As a teenager, I began to use heavy drinking, sex, and gambling as ways to fit in with my peers. I managed to keep these things somewhat under control during my school years, and eventually graduated college with an engineering degree. I moved to a new city alone and with no one to hold me accountable for my actions, I used my newly found finances to frequent the bars, clubs, and casinos.
The years after graduation were a death spiral of bad decisions through which I became destructively addicted to alcohol, sex, and gambling. I became an expert manipulator and despite my addictions, most people would tell you I was a pretty good guy who kept it all together. In reality, I was completely isolated and found myself at the depths of hell, feeling an extreme amount of self-hatred and guilt for all of my horrible decisions.
Lost It All
I hit bottom while visiting my parents when they witnessed my complete drunkenness and immorality firsthand. No longer able to hide the fact that I had become disgusting and completely selfish, I became buried under a deep depression and for the first time, my work performance suffered. All aspects of my life had unraveled, and in a last ditch effort, I rounded up every last dollar I could find and went to the casino in complete desperation. By God’s grace, I lost it all.
End It All
The next morning, I waited until my girlfriend left for work and then took my grandfather’s antique pistol and locked myself in the bathroom. I sat in the tub in the dark and closed the shower curtain. I put the barrel in my mouth, tasting the cold steel, and cocked the hammer back. I put my finger on the trigger and before I pulled it, I decided to pray for the first time in a very long time. It was the first unselfish prayer I had said in many years. I apologized to God for what I’d become and what I was about to do. I asked him to take care of my family, friends, and girlfriend during the time after my death. Then I closed my eyes and just before I squeezed off a round, my apartment door opened and my girlfriend came in yelling for me. Just seconds after finally talking to God, He came to my rescue. She would later tell me that just after getting to work she had a horrible feeling and decided to come back and check on me.
I’d like to say that after this clear intervention from God, I was immediately a changed man, but unfortunately, that was not the case. For years, I simply tried to manage and control my addictions, which only resulted in repeated failures and bouts of depression.
Surrender It All
Through all of this utter rebellion, God, in his incredible grace, eventually provided me a great new job opportunity in Dallas. A friend there invited me to a church. There God reminded me that we are all sinners, but that Jesus accepted the death penalty for our sins by laying down His life on the cross, and then defeated sin when He was raised from the dead. I learned that if we believe this, He freely offers us forgiveness and eternal life, and that there is nothing we can do to make Him love us any more or any less.

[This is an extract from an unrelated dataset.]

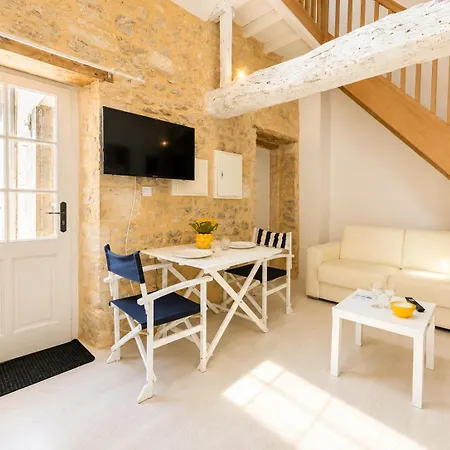 Apartment Duplex Ou Plain Pied Confort Plein Centre Proche Commerces, Restaurants, Avec Terrasse Privative Ou Jardin Commun Amenage Clos, Parking Gratuit A Proximite, Proche Plages Du Debarquement *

He finally brought me to admit that I was powerless over my addictions, and I fully surrendered them to Christ. By the power of the Holy Spirit, the addictions that I’d been a slave to for over a decade began to fall away with amazing speed. I now live a life of full devotion to Christ in which I have sexual purity and no longer drink or gamble. While I am still faced with the same temptations, God has provided me a way out and I have come to find peace knowing that He is good and is in control of my life.
I now live in joy knowing that Christ has healed and cleansed me. My entire life, I didn’t know that God was all I needed until God was all that I had. Psalm 50:15 says “and call upon me in the day of trouble; I will deliver you, and you will honor me.” When I should have tasted a bullet, God allowed me to taste His incredible grace and love. He delivered me from the depths of hell and I will love and honor Him for eternity.